Moscow has quite a vibrant downtown for a small city.
It’s no wonder folks often stroll the streets day or night. And if it weren’t for the “parking problem,” maybe the headcount would be greater. At least that’s some of the thinking found around town.
To get a better handle on the parking situation, a $45,000 “comprehensive downtown parking study” is included as part of the city’s proposed fiscal 2020 budget. The obvious takeaway is studies are becoming more expensive.
Unfortunately, if the study is approved and conducted, it will probably end up on a dusty shelf in City Hall with its sister studies undertaken to get to the bottom of a perceived problem or create marketing schemes. The studies usually are not useful in solving much of anything.
Don’t get us wrong, there is a parking problem in downtown Moscow.
However, it’s a minor one and has been for years with a simple solution that doesn’t require a study.
Too many people want to park as close as possible to their downtown destination. They are loath to park in the many spaces available on side streets and in nearby residential areas.
Parking scarcity is also exacerbated by those business owners and employees who use street and lot parking for their vehicles and then move those vehicles every few hours to remain legally parked.

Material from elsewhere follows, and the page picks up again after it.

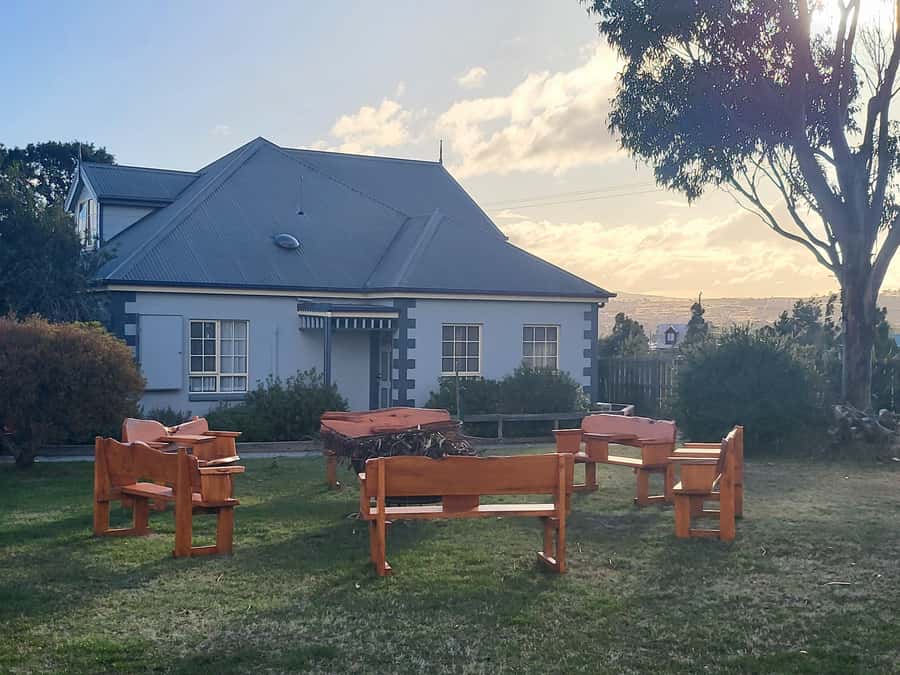 Signature Wine Tour - Hobart & SE Tasmania - How this compares with exploring by car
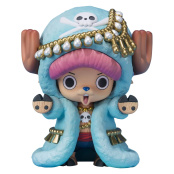 Фигурка Tamashii Box One Piece Vol.1 – TonyTony Chopper (613646)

There’s nothing as exasperating for a customer than when a clerk asks you to wait a few minutes while they move their car to another parking space.
There’s a better business model than employees filling spaces that should be used by customers.
Since the last parking study in 2008, the city has tweaked a few problem areas with little or no observable difference.
If approved, the recommendations will undoubtedly be creative, expensive and, in the long run, rejected by staff and City Council as unimplementable.
Some ideas we could expect from the study may include: an extensive use of metered parking; a multi-story parking structure; a park-and-ride lot; increased inventory of spaces; rules forbidding employees and owners from using downtown parking; increased code enforcement for parking scofflaws; elimination of all parking in the downtown area; and, finally, education of the public to the realities of the situation and how to adapt by walking, riding public transportation, ride sharing or parking a few blocks from a destination.
The latter option is the most doable and has been sporadically encouraged for years.
Perhaps a new, concerted effort is the path to take and the $45,000 earmarked for the study would go a long way to help in the education effort. Don’t waste the money on another dust collector.